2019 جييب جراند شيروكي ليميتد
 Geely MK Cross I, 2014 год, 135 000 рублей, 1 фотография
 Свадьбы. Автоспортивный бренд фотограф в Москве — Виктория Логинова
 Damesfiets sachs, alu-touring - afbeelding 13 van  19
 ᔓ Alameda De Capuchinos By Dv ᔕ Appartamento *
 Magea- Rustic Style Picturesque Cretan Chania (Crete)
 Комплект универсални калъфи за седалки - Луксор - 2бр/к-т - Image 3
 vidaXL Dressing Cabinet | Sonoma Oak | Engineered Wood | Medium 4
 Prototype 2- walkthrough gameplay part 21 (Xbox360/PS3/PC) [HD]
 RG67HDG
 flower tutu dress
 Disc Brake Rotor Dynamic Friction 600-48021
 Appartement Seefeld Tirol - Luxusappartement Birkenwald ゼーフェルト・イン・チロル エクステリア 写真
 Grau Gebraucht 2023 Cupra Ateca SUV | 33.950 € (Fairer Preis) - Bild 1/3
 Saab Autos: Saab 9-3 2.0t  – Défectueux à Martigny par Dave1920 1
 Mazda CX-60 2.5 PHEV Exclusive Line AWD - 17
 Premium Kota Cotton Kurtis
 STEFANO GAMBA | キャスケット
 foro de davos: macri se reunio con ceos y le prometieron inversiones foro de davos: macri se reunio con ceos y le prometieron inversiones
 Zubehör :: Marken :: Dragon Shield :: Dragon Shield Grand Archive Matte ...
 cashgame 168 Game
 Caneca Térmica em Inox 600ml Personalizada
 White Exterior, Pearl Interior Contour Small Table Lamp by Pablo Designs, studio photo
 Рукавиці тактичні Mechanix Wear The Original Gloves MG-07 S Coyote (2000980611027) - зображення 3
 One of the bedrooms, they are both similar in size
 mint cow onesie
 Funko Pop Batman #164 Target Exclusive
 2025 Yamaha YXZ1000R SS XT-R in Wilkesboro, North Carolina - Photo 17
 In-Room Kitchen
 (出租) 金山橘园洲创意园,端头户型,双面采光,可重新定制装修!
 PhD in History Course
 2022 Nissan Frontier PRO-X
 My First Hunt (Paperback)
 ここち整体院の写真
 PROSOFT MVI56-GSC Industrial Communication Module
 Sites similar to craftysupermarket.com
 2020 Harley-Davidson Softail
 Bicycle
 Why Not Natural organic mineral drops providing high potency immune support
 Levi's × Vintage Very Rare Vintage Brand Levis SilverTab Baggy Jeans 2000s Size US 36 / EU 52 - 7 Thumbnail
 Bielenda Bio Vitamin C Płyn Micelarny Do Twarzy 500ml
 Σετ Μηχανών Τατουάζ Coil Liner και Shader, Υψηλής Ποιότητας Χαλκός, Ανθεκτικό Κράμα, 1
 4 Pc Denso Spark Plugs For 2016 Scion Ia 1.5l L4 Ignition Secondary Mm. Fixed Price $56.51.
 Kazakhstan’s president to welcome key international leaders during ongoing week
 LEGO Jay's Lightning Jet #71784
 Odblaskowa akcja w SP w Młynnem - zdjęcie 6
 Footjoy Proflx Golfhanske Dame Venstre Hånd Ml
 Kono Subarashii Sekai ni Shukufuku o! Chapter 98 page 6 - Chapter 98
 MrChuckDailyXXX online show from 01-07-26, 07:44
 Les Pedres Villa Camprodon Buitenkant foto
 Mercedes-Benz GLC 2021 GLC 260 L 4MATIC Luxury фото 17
────────
WHAT TO PRODUCE: Once the line containing "Magea- Rustic Style" has been written out, please stop; every line before it, back to the first line of the records above, should be given exactly.

FINISHED EXERCISE:
2019 جييب جراند شيروكي ليميتد
 Geely MK Cross I, 2014 год, 135 000 рублей, 1 фотография
 Свадьбы. Автоспортивный бренд фотограф в Москве — Виктория Логинова
 Damesfiets sachs, alu-touring - afbeelding 13 van  19
 ᔓ Alameda De Capuchinos By Dv ᔕ Appartamento *
 Magea- Rustic Style Picturesque Cretan Chania (Crete)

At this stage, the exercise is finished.